Senator McConnell: You're on notice

" I expect you to do your job and show leadership to others in the Senate." Gayly file photo.

Dear Senator McConnell,

I am writing you with regard to your press release on Supreme Court Justice Scalia and your opinion as to his replacement. You state that the American people should have a voice in the selection of their next Supreme Court Justice and so the vacancy should not be filled until we have a new President.

I understand your caution. It is unprecedented for a Supreme Court Justice to be nominated and confirmed during a presidential election year. I also understand that this election year is particularly tumultuous. Not only is there uncertainty among the presidential candidates but there is uncertainty among American voters.

I, for one, have not forgotten the government shutdown of 2013. Perhaps this has made me sensitive to United States Congressmen who go on record stating they will not work with President Obama. That is exactly my impression when reading your press release. It is the President’s job to nominate Supreme Court Justices and it is the Senators’ job to confirm or deny the nomination.

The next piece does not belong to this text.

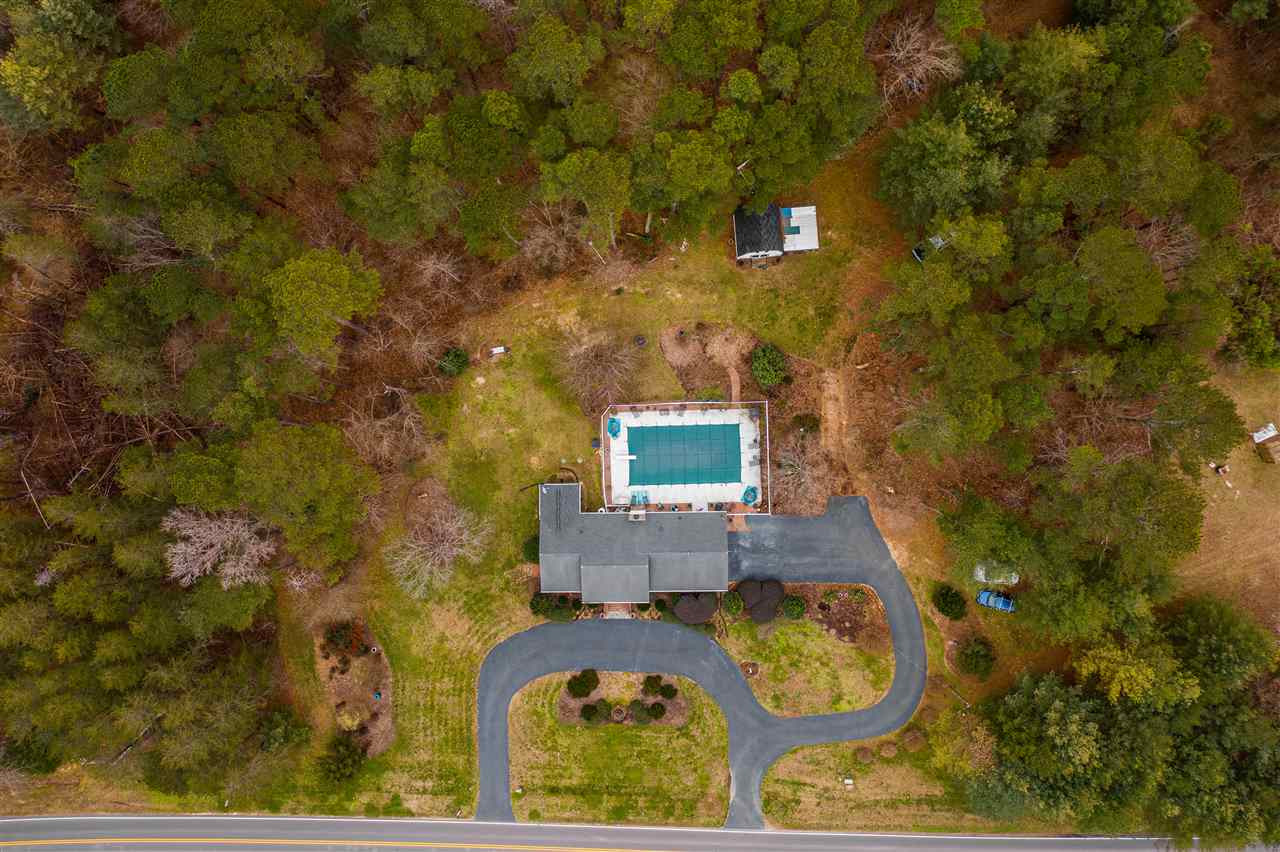 3609 Auburn Knightdale Road Raleigh, NC 27610 - Photo 26 of 27 Photo 26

Just as my employer expects me to do my job, I expect you to do yours. You work for the American people, not the other way around.

I may not be from Kentucky but I have no qualms with engaging in political activism and seeing those who would refuse to perform their duties to be voted out of office. You don’t do your job, you don’t get to stay. That is how the real world works.

President Obama has a duty to nominate Supreme Court Justices whenever a vacancy exists. I believe he has already begun this task. When a nomination comes across your desk, I expect you to do your job and show leadership to others in the Senate. There is no reason to dawdle and force the next administration to deal with this situation (and it is very possible another Democrat will be elected).

There is plenty of drama already and the American public is tired of it.